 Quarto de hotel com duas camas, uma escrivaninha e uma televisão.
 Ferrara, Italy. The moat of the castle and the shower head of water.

========================================================================

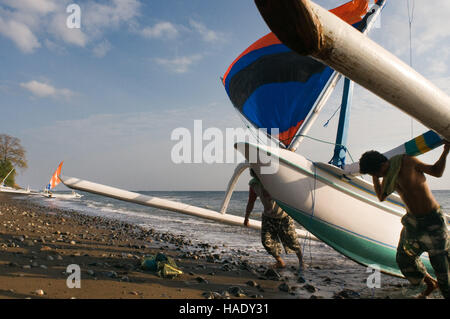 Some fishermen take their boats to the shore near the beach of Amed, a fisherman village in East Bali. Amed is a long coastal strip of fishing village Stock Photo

========================================================================

GOAL OF THE EXERCISE: Taking the entries above, print exactly the lines starting at the line with "Quarto de hotel" and ending at the line with "Ferrara, Italy. The", both included.

WRITTEN ANSWER:
 Quarto de hotel com duas camas, uma escrivaninha e uma televisão.
 Ferrara, Italy. The moat of the castle and the shower head of water.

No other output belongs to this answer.